Dictator Miguel Díaz-Canel loaded up buses with trained military hit men and sent them, dressed in civilian clothing and carrying metal bars and sticks, to attack the demonstrators. They chased, beat and dragged citizens in the streets. Uniformed enforcers, some dressed in riot gear, were also used. Some fired weapons. One man was killed.

In the aftermath of the marches there were home-to-home searches for enemies of the revolution. Democracy advocates on the island say some 5,000 people have been arrested and the whereabouts of nearly 200 are unknown. Arrests include important dissident leaders like José Daniel Ferrer and Luis Manuel Otero Alcántara and the journalist Henry Constantin.

Many protesters were young. They knew their demands would be answered with brutality. They went out anyway, out of desperation, hoping that someone in power would hear their pleas.
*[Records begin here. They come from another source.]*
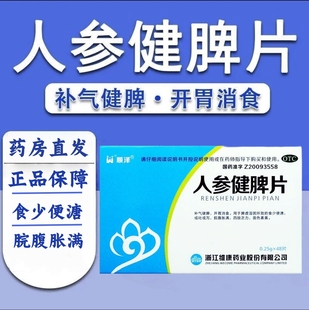 0.25g 人参健脾片 48片 盒 开胃消食食少便溏 补气健脾 顺泽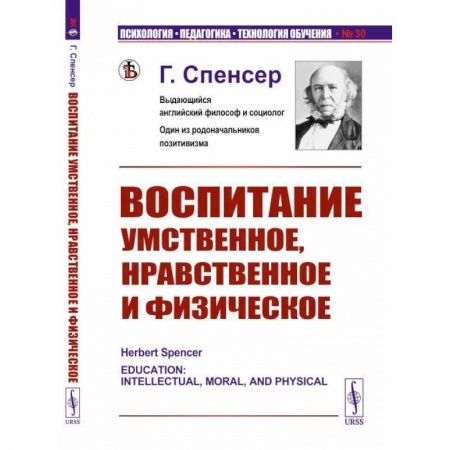 Педагогика, книга Воспитание умственное, нравственное и физическое заказать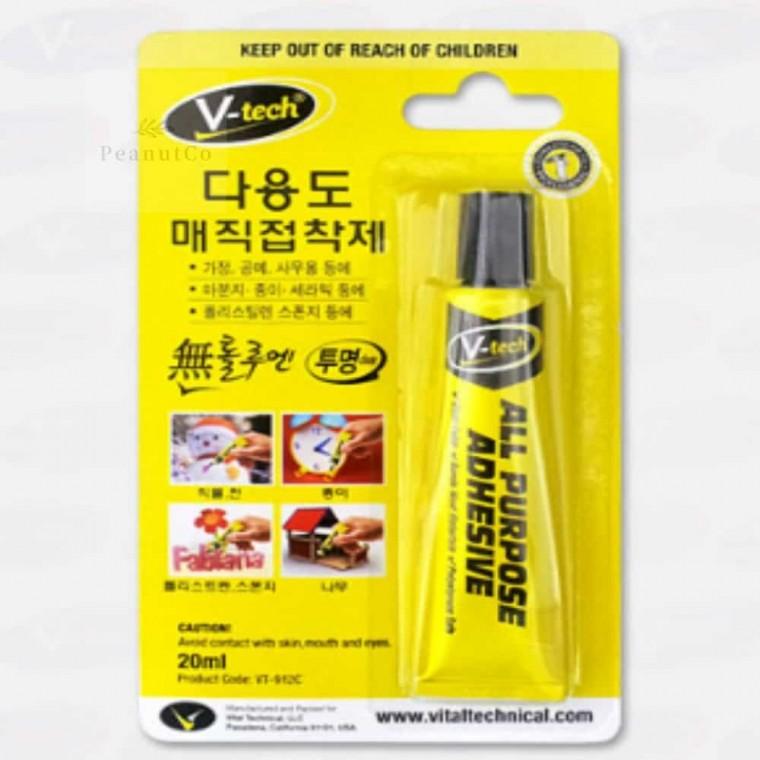 접착 매직 접착제 20ml 가죽공예접착제 금속접착제 비즈공예접착제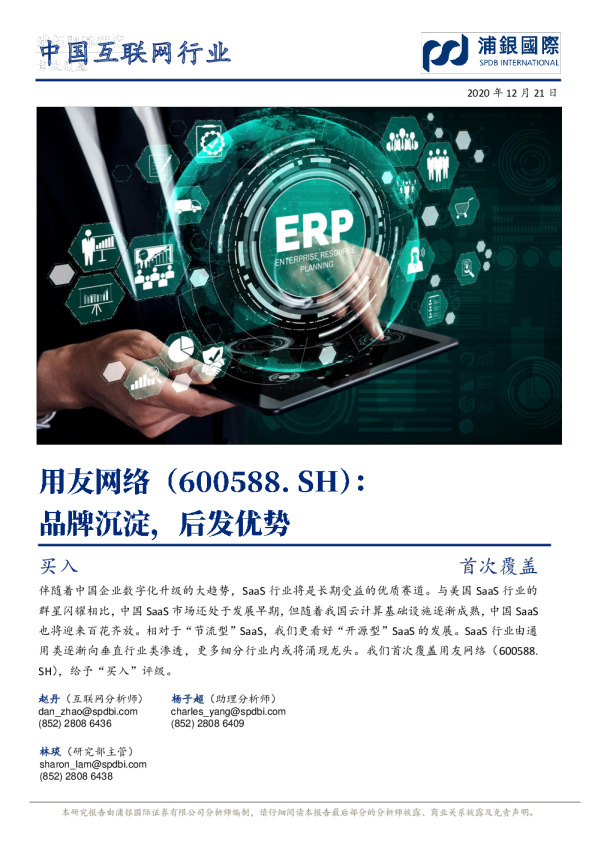 品牌沉淀，后发优势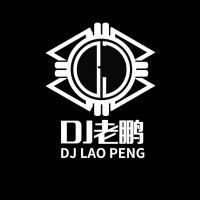 DJ老鹏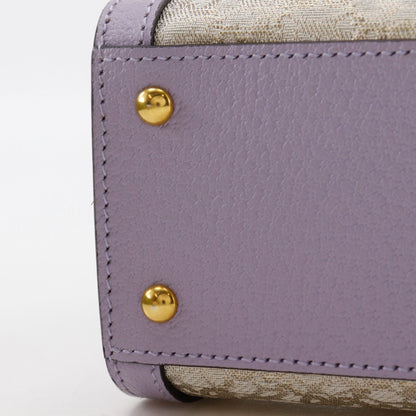 Gucci Diana Small Hosoo Collaboration 2-Way Nishijin Leather Textile Purple — view 8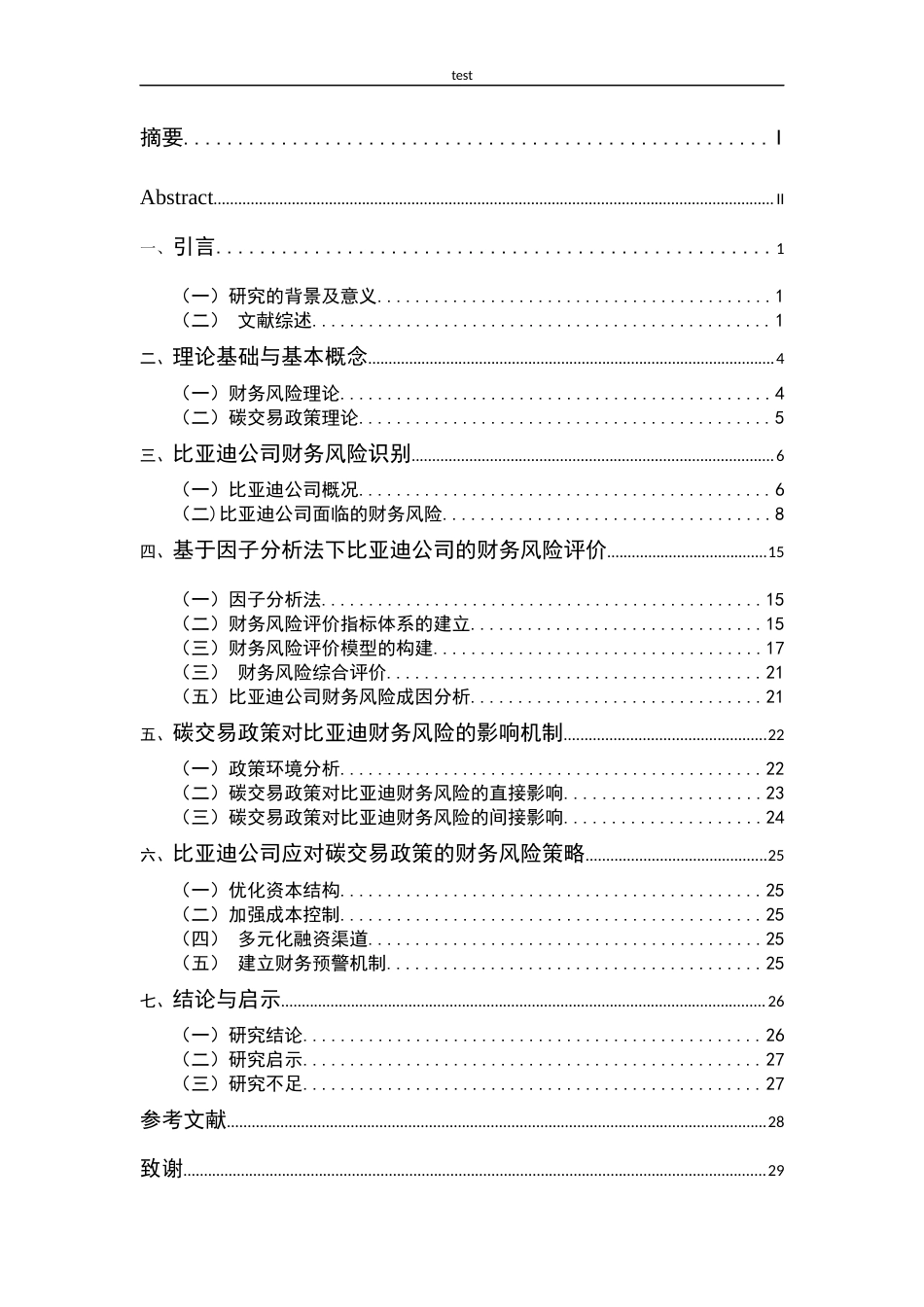 25年CH财务管理-碳交易政策对比亚迪公司财务风险的缓解影响研究-约19186字符终版.docx_第4页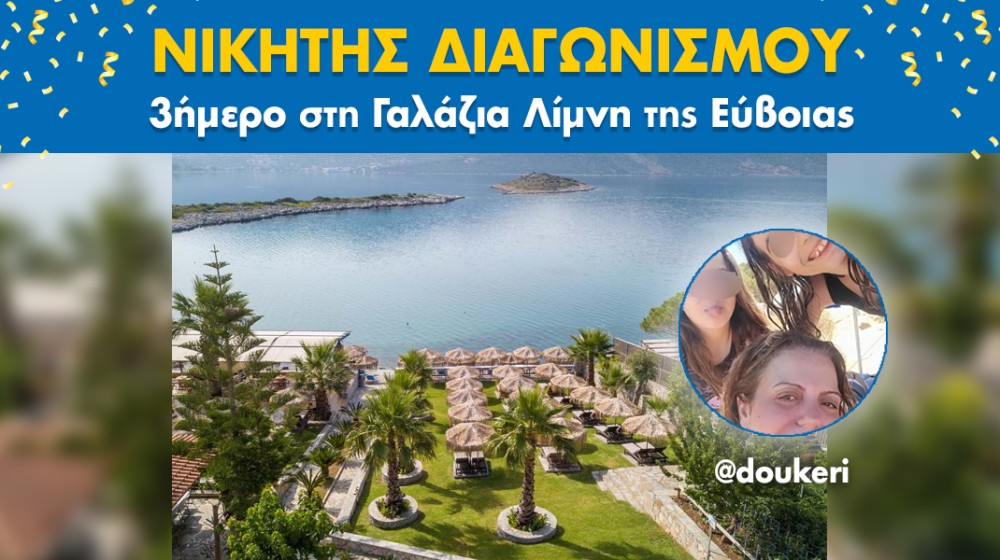 ΤΡΙΗΜΕΡΟ ΣΤΗ ΓΑΛΑΖΙΑ ΛΙΜΝΗ: Εσπασε κάθε ρεκόρ ο διαγωνισμός - Ποια είναι η τυχερή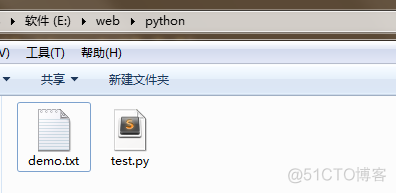 python文件读写操作_操作 _03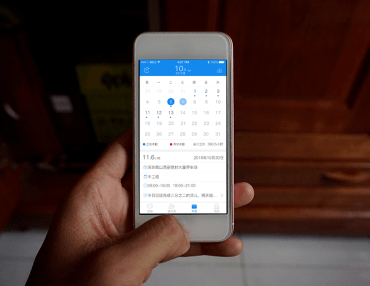 工人應用解決方案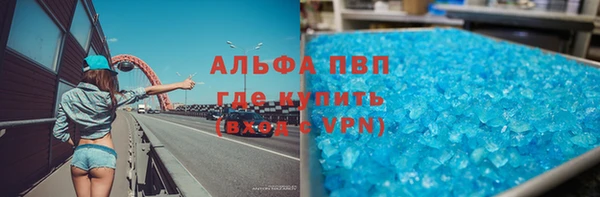 мефедрон Алексеевка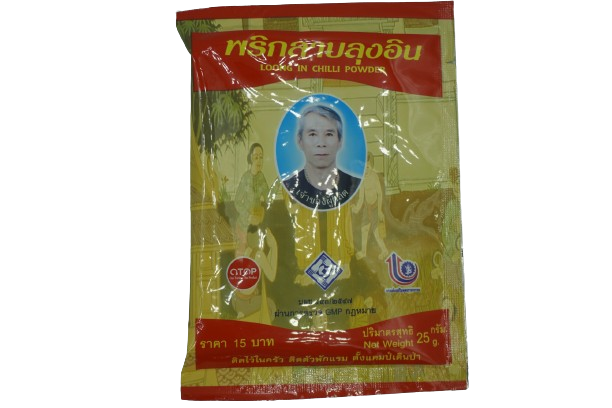 พริกลาบลุงอิน ขนาด 25 กรัม อร่อยมากก !!! อร่อยถึงเครื่อง Loong In Chilli Powder พริกลาบเมืองเหนือ Powder Paste Chilli Hot Bubuk Belacan Northern Thai Laab Chili Paste พริกลาบ พริกลาบคนเมือง พริกลาบภาคเหนือ เครื่องปรุง ทำอาหาร ต้มไก่ ลาบปลา ลาบหมู แกงเมือง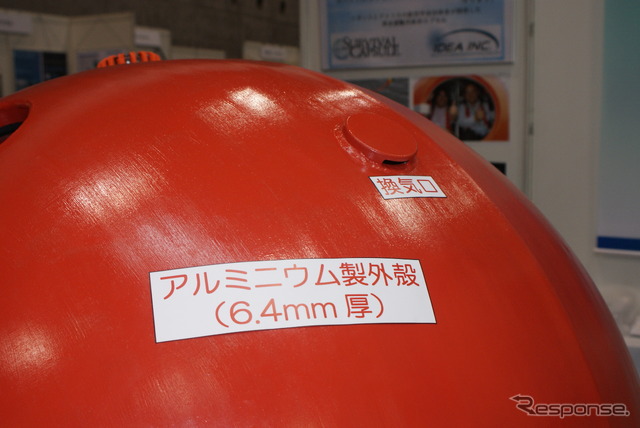 サバイバルカプセル(防犯防災総合展in KANSAI2014)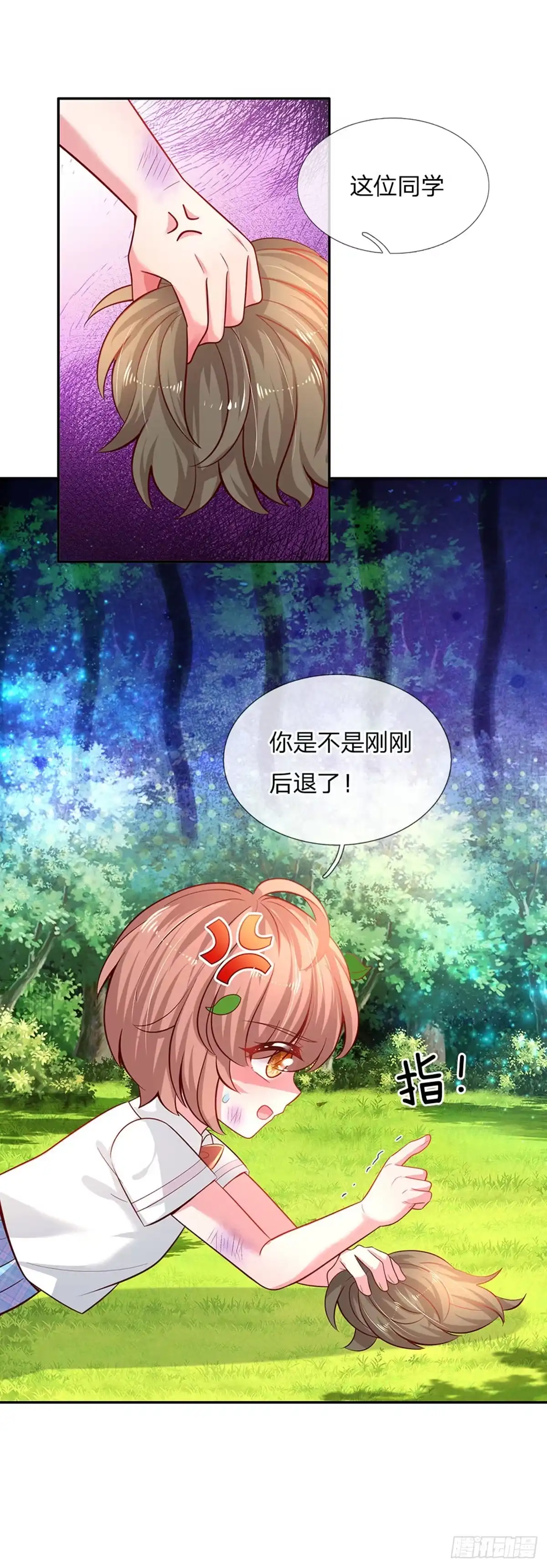 《拯救世界的话需要很多萌萌哒》第26话 接住你？不可能的 第8页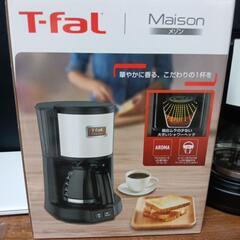 T-fal　コーヒーメーカーの画像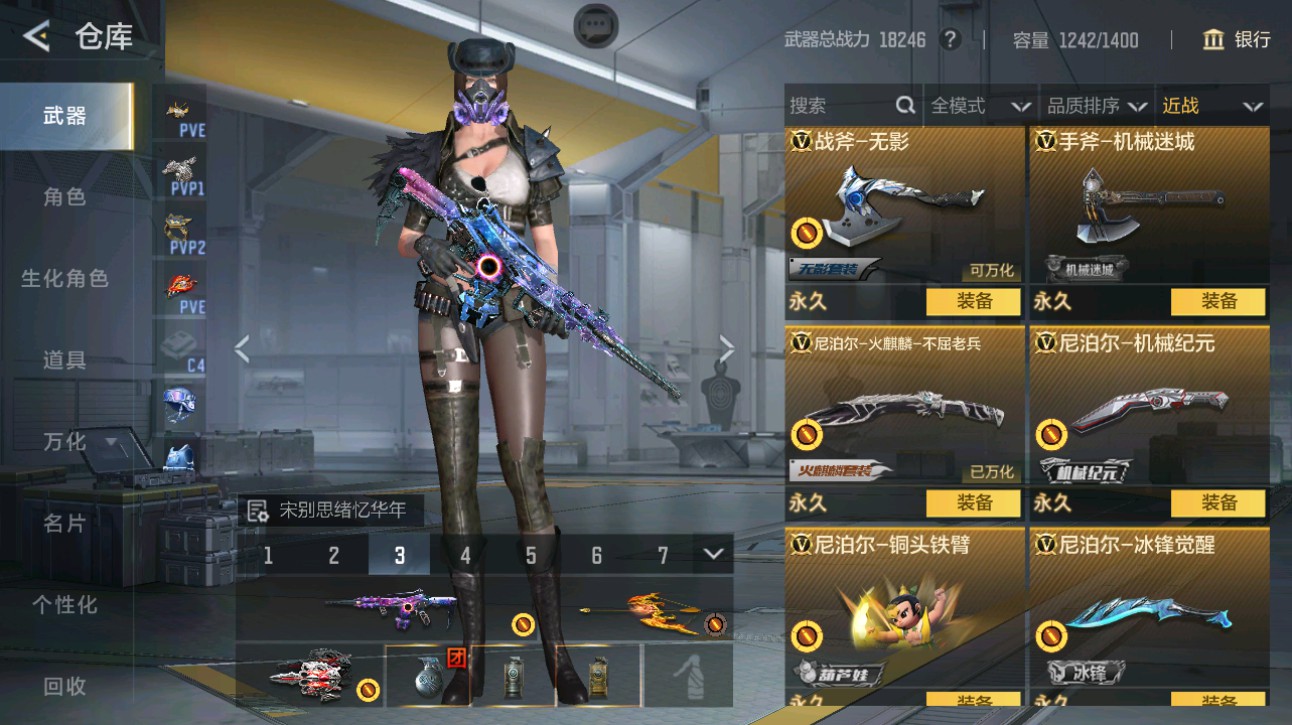 CFMHG372369枪战王者账号详情图22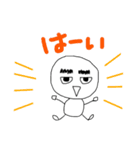 ゲジまゆお（個別スタンプ：28）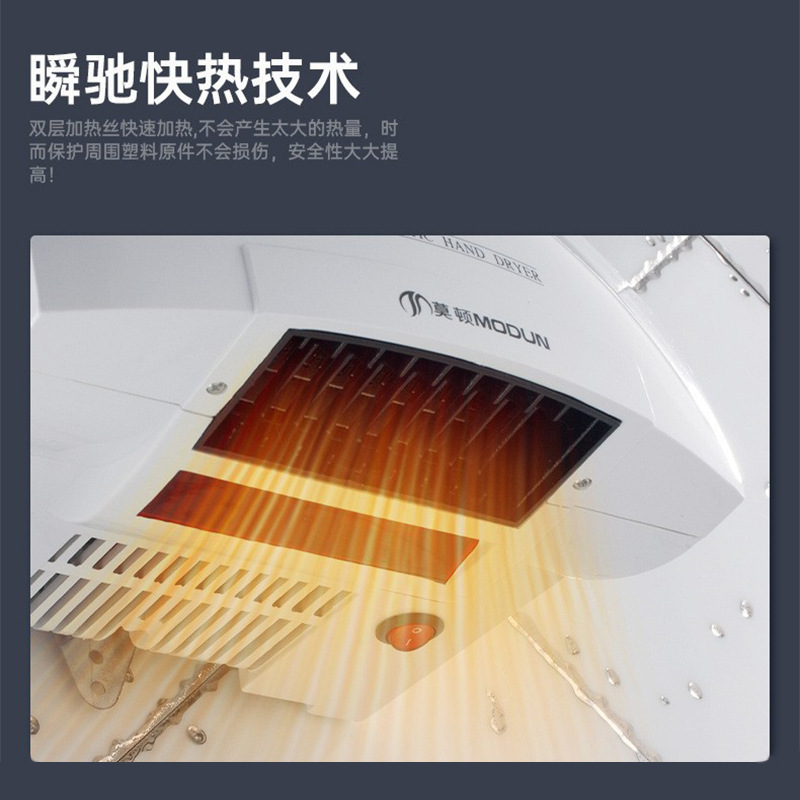 干手器全自动感应烘干机商用卫生间烘手机智能家用烘手器电子|undefined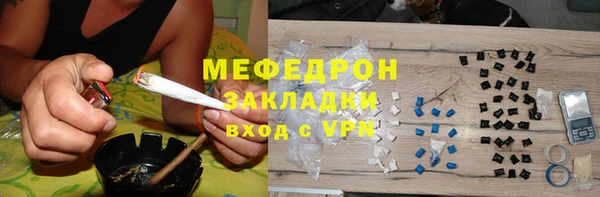 бутик Арсеньев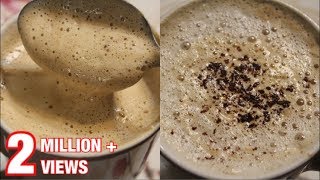 Creamy Hot Coffee Recipe Without Using Machine coffee Recipe by Madeeha [upl. by Anier]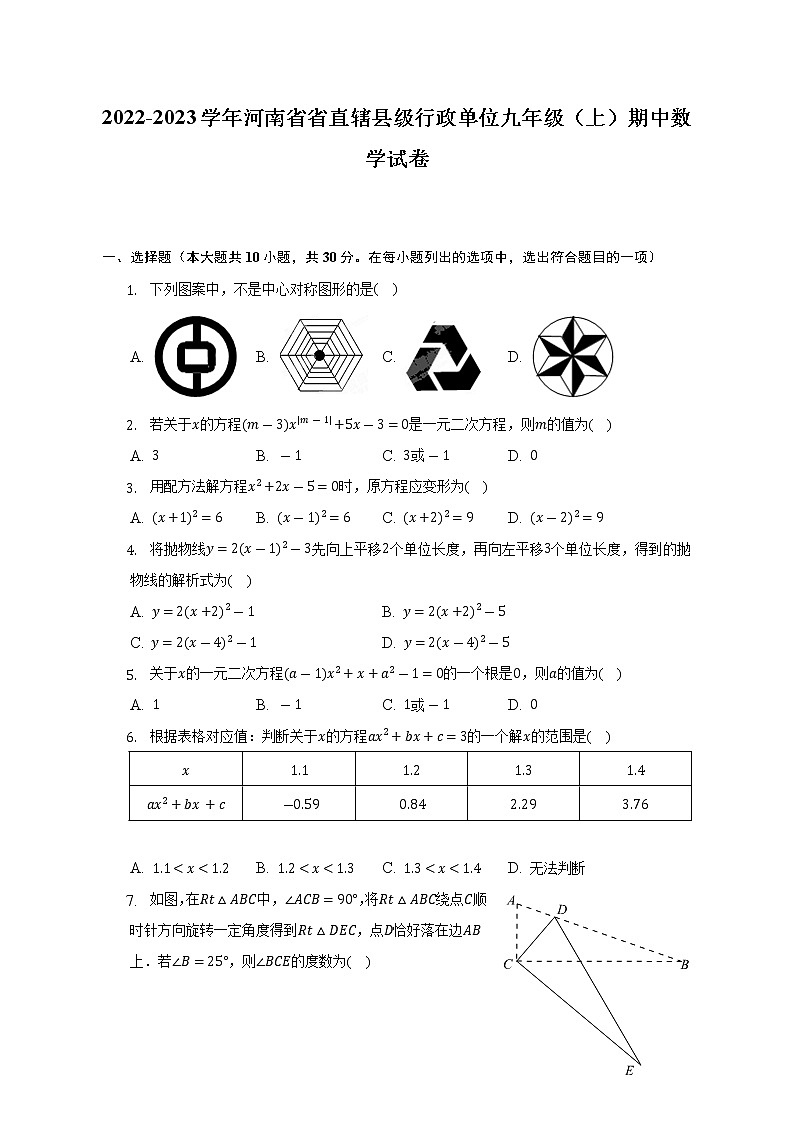 2022-2023学年河南省省直辖县级行政单位九年级(上)期中数学试卷(含解析)第1页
Some have. The nephew of Gen. Luis Alberto Rodríguez López-Calleja, who sits atop the military’s tourism conglomerate, uploaded a video last week condemning repression and calling for change. Some intellectuals and artists quit their associations with the regime, including film director Carlos Lechuga, who on Facebook called the president a murderer. Speculation is rampant that family members of the ruling elite are heading out of the country.

The corrupt former president of Brazil, Lula da Silva, is blaming the U.S. trade embargo for the events. That’s either stupid or evil. Cubans want liberty and justice.

More blood will be shed. But the financially and morally bankrupt authorities won’t be able to feed their security apparatus indefinitely.

The six-decade lie that the revolution produced well-being and equity has been laid bare. What Cubans—and the world—have seen cannot be unseen.